ACTIVITY:
From the data below, please reproduce exactly everything from the line that contains "Мои динозавры" down to the line that contains "梅雨から夏に便利な◎ちびっこうさぎさん#2（個別スタンプ：8）", with both ends included.

DATASET RECORDS:
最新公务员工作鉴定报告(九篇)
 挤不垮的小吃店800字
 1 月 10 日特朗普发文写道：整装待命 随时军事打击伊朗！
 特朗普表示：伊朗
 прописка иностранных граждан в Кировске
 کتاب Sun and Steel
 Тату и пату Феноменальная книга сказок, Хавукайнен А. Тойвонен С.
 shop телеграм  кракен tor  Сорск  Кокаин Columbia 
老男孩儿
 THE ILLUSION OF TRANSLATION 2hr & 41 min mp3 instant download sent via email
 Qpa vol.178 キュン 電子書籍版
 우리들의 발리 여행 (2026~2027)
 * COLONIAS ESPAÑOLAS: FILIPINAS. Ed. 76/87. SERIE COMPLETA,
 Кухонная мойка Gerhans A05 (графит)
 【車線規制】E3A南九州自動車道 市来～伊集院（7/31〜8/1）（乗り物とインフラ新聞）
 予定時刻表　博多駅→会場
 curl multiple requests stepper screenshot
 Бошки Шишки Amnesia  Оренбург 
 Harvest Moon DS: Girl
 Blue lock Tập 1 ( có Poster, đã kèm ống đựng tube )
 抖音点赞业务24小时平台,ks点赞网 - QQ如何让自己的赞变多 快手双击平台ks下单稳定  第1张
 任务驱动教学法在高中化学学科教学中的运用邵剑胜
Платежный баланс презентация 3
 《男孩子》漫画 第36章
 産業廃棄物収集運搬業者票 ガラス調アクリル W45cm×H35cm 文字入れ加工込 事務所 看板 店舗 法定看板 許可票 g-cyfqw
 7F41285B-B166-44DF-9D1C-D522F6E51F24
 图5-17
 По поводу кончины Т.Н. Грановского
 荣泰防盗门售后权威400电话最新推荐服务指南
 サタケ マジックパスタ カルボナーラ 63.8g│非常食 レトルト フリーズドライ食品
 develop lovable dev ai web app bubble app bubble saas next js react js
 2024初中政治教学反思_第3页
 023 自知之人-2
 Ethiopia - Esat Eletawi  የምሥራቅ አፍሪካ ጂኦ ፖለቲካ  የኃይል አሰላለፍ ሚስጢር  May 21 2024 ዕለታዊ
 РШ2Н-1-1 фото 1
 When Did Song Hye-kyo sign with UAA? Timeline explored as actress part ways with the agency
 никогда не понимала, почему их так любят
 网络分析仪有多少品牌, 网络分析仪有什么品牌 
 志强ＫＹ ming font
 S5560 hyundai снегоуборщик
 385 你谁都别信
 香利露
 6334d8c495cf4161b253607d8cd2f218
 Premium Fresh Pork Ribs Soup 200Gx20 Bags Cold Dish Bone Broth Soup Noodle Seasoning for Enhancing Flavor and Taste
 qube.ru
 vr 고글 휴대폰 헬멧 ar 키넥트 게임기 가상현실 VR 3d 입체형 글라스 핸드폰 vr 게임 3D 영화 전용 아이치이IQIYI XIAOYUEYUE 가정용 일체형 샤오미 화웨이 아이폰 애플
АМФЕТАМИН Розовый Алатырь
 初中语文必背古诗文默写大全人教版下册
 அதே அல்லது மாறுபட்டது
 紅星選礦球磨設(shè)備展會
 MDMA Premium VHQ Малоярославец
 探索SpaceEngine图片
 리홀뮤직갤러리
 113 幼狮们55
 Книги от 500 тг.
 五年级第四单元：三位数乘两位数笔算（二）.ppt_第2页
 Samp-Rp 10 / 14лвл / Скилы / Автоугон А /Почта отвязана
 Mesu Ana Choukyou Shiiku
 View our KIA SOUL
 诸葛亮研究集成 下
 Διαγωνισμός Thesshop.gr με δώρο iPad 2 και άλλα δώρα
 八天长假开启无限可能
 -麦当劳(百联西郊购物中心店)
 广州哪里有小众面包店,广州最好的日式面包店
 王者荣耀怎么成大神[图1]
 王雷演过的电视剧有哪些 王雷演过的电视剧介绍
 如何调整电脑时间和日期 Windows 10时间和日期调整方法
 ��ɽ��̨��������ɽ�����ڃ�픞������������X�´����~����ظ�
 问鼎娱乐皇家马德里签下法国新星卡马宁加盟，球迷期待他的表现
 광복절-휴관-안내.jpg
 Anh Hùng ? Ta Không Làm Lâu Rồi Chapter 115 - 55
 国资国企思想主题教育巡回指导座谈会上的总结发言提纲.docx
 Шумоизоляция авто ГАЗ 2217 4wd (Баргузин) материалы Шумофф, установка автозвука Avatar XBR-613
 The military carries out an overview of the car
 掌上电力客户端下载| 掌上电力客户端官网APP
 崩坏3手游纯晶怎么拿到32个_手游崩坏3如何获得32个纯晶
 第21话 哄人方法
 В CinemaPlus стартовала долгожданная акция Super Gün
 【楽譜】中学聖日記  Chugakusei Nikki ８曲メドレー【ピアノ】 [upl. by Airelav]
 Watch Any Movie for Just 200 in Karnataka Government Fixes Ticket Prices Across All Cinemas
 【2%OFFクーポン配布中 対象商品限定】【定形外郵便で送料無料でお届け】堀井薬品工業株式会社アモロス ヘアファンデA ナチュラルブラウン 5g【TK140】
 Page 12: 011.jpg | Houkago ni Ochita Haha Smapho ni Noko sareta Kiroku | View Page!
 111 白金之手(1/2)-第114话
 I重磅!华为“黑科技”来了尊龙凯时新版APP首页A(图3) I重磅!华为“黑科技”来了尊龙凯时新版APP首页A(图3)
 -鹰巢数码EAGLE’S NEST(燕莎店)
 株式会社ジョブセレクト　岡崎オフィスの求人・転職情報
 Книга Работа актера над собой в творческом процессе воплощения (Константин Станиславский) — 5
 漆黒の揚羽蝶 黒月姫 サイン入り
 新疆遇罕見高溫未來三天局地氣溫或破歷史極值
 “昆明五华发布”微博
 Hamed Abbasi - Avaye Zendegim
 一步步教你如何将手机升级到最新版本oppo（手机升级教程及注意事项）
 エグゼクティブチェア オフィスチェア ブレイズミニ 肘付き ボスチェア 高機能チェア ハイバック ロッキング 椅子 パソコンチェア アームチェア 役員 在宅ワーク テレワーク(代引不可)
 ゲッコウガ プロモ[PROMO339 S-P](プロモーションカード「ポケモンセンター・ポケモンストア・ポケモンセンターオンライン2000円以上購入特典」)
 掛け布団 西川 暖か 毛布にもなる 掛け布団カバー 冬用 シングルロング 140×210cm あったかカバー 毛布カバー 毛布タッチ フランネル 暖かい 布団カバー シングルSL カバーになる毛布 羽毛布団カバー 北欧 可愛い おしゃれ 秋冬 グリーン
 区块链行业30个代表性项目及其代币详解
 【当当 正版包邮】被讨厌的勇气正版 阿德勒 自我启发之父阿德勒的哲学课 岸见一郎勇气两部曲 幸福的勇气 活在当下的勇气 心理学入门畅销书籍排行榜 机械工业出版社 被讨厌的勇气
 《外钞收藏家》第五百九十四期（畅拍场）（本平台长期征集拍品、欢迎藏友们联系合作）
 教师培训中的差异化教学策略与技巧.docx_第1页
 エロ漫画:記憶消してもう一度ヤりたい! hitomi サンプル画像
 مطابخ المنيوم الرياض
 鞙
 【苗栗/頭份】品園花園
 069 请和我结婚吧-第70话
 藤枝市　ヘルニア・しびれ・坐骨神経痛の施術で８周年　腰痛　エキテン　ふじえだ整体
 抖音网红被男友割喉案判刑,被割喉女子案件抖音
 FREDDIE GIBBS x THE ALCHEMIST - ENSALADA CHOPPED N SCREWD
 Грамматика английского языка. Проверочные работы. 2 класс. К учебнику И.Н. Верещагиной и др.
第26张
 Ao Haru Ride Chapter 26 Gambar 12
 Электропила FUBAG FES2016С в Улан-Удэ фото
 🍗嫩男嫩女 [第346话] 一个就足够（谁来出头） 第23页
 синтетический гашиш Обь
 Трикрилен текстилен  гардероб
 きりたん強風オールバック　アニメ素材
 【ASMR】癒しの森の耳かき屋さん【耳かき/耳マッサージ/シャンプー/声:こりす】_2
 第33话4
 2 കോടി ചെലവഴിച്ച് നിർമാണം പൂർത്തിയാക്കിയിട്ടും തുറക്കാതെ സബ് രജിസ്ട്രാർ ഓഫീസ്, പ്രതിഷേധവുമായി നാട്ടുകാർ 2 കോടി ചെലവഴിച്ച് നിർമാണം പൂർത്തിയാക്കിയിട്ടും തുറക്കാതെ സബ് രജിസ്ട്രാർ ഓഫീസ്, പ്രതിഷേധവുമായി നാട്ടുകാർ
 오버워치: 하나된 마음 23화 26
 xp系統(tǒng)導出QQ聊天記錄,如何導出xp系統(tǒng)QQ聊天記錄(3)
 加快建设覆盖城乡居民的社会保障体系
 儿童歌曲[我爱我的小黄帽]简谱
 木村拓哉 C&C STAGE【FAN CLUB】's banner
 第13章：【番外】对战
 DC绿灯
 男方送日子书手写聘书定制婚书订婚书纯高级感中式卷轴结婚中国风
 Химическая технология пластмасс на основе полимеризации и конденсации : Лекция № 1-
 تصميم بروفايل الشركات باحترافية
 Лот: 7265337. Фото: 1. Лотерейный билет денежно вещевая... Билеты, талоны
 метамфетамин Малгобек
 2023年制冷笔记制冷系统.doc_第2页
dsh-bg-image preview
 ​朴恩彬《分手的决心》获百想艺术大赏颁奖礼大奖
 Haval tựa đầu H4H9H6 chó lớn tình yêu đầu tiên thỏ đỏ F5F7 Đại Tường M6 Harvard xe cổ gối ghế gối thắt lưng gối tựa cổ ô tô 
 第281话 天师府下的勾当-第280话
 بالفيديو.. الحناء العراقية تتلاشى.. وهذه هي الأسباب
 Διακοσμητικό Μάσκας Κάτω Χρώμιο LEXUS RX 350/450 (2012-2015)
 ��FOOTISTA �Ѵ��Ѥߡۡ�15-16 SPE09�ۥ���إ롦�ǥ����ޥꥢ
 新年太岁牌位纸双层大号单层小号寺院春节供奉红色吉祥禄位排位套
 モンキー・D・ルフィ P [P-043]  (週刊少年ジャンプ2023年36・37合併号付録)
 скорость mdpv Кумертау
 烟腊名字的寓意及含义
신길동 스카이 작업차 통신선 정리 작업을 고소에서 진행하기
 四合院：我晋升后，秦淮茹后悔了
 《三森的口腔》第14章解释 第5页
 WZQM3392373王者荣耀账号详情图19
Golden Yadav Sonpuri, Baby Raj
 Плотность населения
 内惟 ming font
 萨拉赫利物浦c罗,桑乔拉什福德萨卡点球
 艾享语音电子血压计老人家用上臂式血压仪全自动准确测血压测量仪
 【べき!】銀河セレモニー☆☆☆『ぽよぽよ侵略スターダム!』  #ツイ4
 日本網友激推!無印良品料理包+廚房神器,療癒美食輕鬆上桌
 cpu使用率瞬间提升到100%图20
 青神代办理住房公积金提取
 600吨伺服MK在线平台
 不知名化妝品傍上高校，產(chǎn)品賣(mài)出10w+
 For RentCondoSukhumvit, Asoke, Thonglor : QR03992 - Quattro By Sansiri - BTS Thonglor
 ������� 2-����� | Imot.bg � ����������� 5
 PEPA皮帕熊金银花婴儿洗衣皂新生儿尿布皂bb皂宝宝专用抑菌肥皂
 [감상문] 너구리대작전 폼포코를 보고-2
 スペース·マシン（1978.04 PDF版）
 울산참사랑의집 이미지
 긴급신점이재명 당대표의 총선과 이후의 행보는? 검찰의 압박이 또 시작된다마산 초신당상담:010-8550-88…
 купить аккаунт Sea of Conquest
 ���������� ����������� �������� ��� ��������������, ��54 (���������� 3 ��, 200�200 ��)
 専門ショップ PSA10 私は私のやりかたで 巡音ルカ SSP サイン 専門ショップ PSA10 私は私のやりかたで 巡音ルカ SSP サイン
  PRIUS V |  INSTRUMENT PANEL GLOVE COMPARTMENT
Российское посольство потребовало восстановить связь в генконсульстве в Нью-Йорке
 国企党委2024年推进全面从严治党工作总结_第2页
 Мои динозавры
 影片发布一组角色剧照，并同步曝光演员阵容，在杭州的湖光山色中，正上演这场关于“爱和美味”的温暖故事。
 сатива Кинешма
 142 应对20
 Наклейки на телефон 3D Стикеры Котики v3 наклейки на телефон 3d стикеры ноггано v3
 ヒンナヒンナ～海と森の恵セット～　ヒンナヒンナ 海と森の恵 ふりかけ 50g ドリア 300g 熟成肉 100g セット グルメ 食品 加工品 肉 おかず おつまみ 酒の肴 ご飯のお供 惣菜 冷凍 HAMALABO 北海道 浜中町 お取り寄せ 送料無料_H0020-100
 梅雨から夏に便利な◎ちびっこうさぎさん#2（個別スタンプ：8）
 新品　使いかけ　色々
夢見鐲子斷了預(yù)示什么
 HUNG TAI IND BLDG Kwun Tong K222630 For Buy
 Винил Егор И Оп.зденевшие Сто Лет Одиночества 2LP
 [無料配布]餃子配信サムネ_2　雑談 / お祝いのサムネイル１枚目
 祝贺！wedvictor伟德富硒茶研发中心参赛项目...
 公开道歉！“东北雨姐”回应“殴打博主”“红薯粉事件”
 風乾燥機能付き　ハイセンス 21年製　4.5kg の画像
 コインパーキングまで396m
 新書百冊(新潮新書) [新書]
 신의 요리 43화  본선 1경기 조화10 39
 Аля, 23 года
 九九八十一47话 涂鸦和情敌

TASK RESULT:
 Мои динозавры
 影片发布一组角色剧照，并同步曝光演员阵容，在杭州的湖光山色中，正上演这场关于“爱和美味”的温暖故事。
 сатива Кинешма
 142 应对20
 Наклейки на телефон 3D Стикеры Котики v3 наклейки на телефон 3d стикеры ноггано v3
 ヒンナヒンナ～海と森の恵セット～　ヒンナヒンナ 海と森の恵 ふりかけ 50g ドリア 300g 熟成肉 100g セット グルメ 食品 加工品 肉 おかず おつまみ 酒の肴 ご飯のお供 惣菜 冷凍 HAMALABO 北海道 浜中町 お取り寄せ 送料無料_H0020-100
 梅雨から夏に便利な◎ちびっこうさぎさん#2（個別スタンプ：8）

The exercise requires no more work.